In 2003, I couldn't envision what I would do in 2013.
In 2013, I had no idea of what was possible in 2023.
Find yourself a Cessna project today. Or circle the runway forever. It's a choice.
One more question: how do you determine the elements needed to get you off the ground?
Oh, this is a good and challenging question to answer. It depends on the complexity level, or how complicated it is made out to be.
For instance, we used to teach how to draw perspective in the cartooning course. Just the method would take all week, and then it was so technical that we had a second week.
Was anyone good at the end of the second week?
Well, everyone was fed up with perspective and wanted to move on. Whether people got the idea or not, there was a high level of frustration.
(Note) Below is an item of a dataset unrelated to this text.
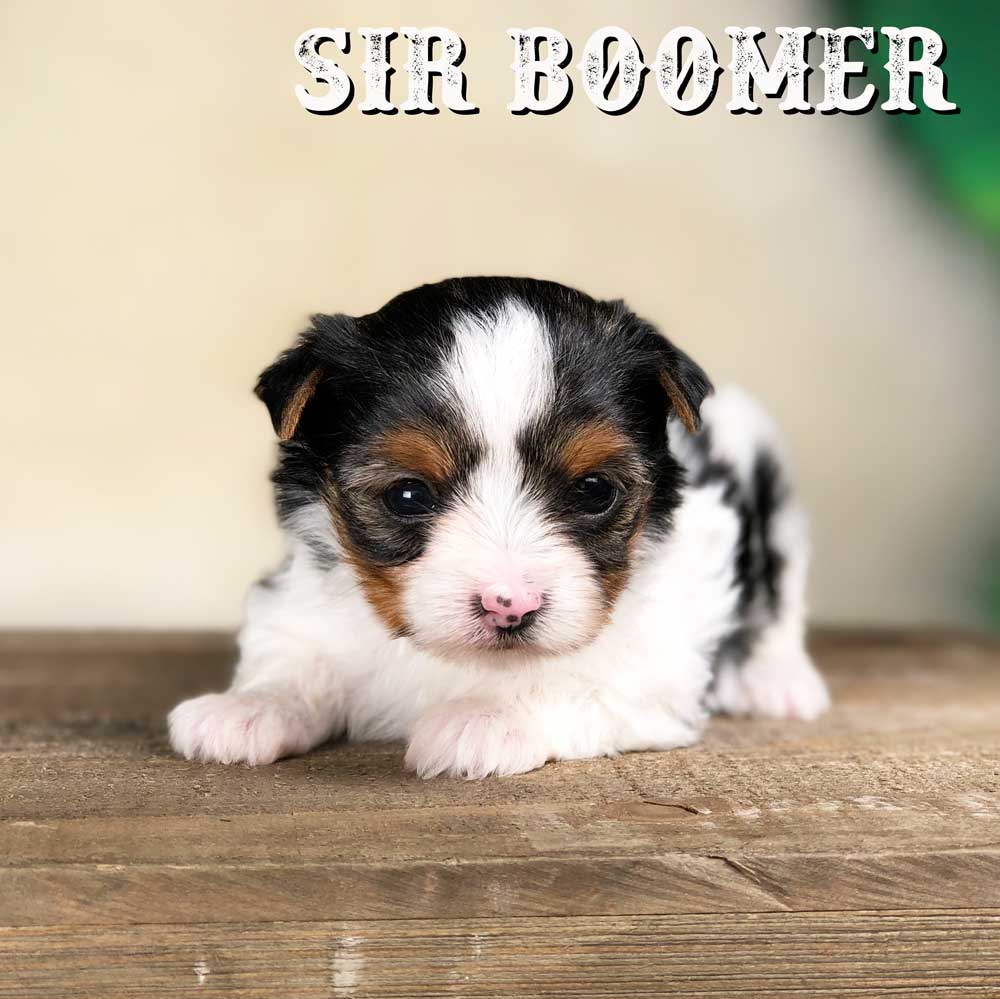 Rocky Mountain Biewer Terrier Puppy Boy Sir Boomer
The course was revamped (and I'm fixing it again for this year), and now people can draw perspective in about 2 minutes.
When we ask how long it takes to get off the ground, the answer lies with the teacher, not the student. Most of us automatically assume that “we” have to be talented. That's not true. It's the teacher who needs to have a system.
That system should get you up and running, so the task appears easy, almost childish. If we use that benchmark of “the responsibility being with the teacher”, then most learning is rapid—a LOT of fun. In comparison, most of our knowledge is long, tedious and not a joy.
I know this is a long answer, but I wanted to give you a perspective on the problem of getting off the ground.